Most tents nowadays are Polyester and the main reason is that unlike nylon it doesn't stretch when wet. A Nylon tent pitch when dry, will get very droopy even in morning dew. Conversely if pitched wet it can dry out to be bow tight and even pull its pegs from the ground. Some expensive tents still use nylon but coat it with silicone or similar so that it repels water and doesn't suffer in this way, at least when new. Bizarrely some polyester tents use nylon guying lines which do exactly the same trick, either going so slack as to be useless, or so tight as to rip the pegs from the ground. Again this applies to some pretty big names in the tent industry and is indefensible...
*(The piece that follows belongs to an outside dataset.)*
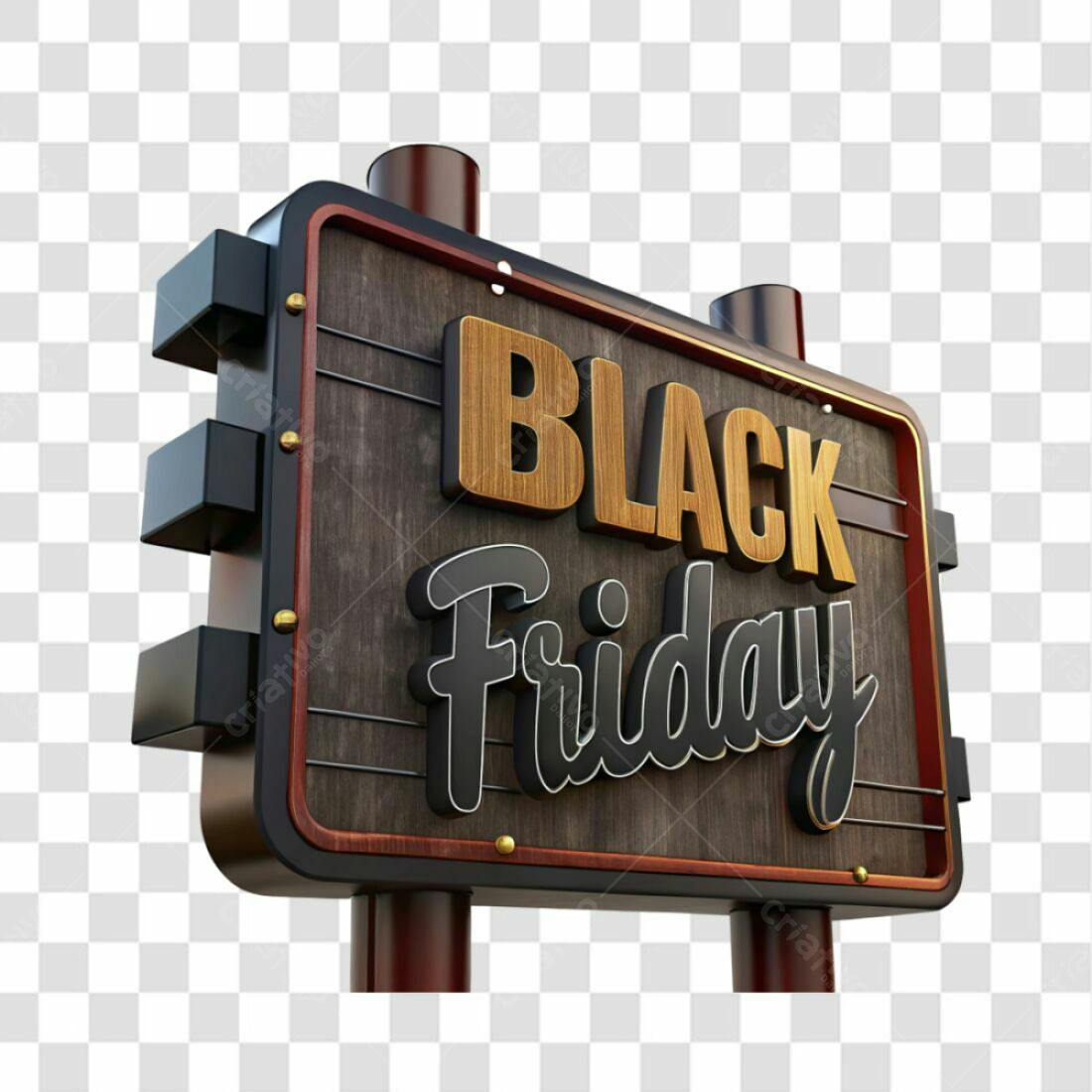 Banner Black Friday Madeira PNG com fundo transparente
So everyone should use polyester? Yes it's much better in the wet, the weakness is that the effect of UV rays – i.e. sunlight, is catastrophic. In direct sunlight we reckon that our tents will last 10 weeks before their flysheets become so weakened that they tear very easily. By 20 weeks you can just pull them apart with your hands. Again, because of the typical usage pattern of a tent the manufacturers can get away with this, but at Breton Bikes the weakness is laid bare as it would be for any extended tour. Nylon also suffers from this, but in my experience nylon lasts about twice as long.
6 - Groundsheets
Because of the need to make 'headline' weight figures very few tents have remotely adequate groundsheets and the best answer is to go to your local agriculteral supplier and buy some black plastic sheeting and cut it to size. As well as protecting the groundsheet and ensuring it stays waterproof, this sheet can be a handy thing to sit on for picnics and an emergency patch for a ripped tent. As they weight little and cost next to nothing such a sheet is essential.
Well sorry to be so down on tent design, but the fact is that there are few really great designs out there, most are inevitably riddled with compromise and you are unlikely to find your perfect tent anywhere. However, knowing where those compromises are will help you choose a tent that will work for you.